▶ Source information
■ ■ ■

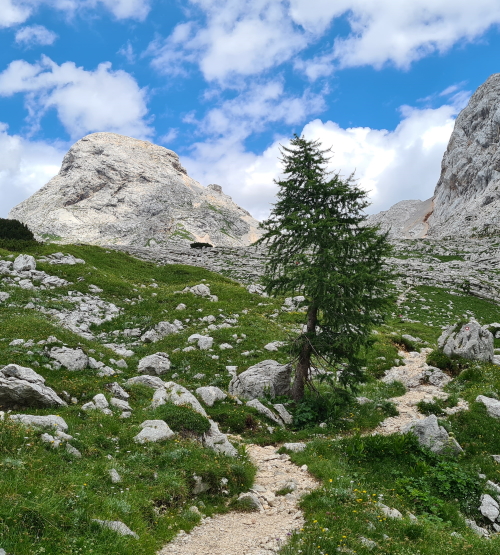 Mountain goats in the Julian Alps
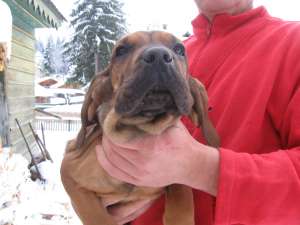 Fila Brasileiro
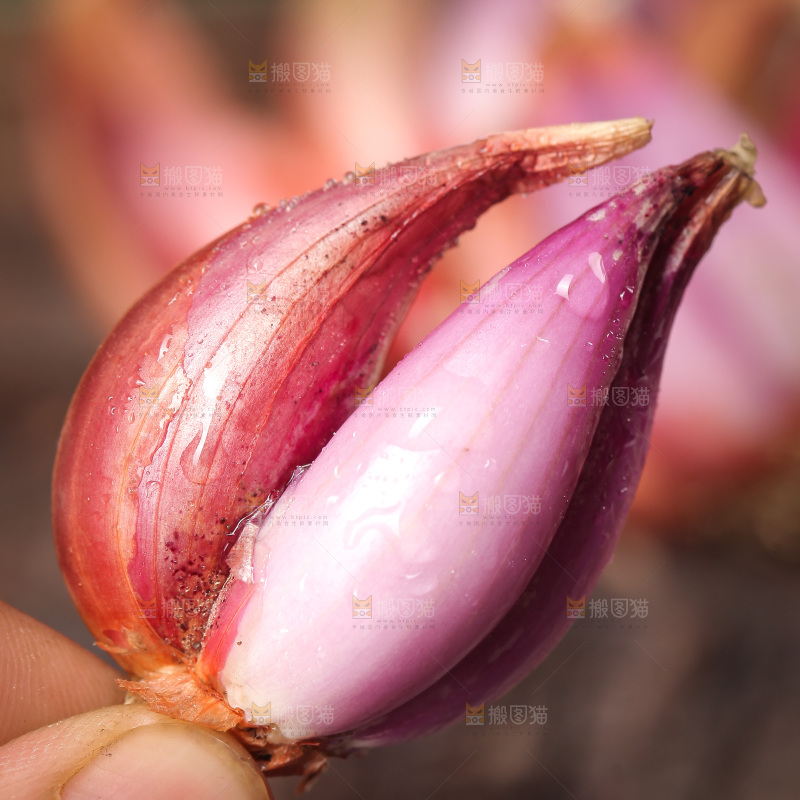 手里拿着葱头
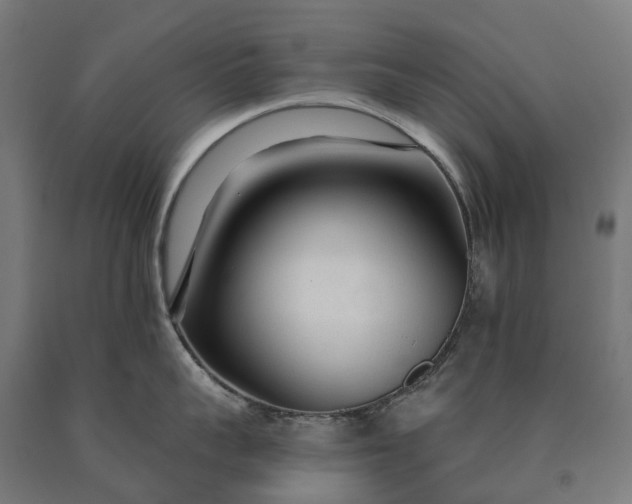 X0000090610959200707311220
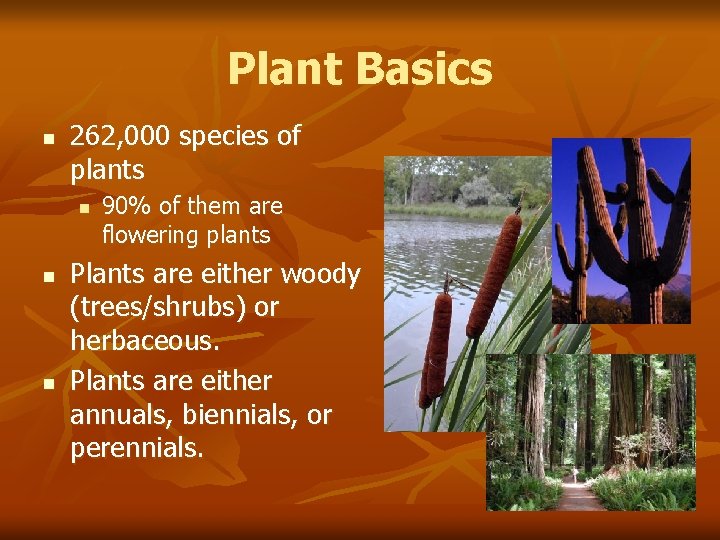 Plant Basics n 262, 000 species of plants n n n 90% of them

■ ■ ■

▶ Required action
A faithful copy of all the data above, without its pictures, is the expected result.

▶ Task response
 Mountain goats in the Julian Alps
 Fila Brasileiro
 手里拿着葱头
 X0000090610959200707311220
 Plant Basics n 262, 000 species of plants n n n 90% of them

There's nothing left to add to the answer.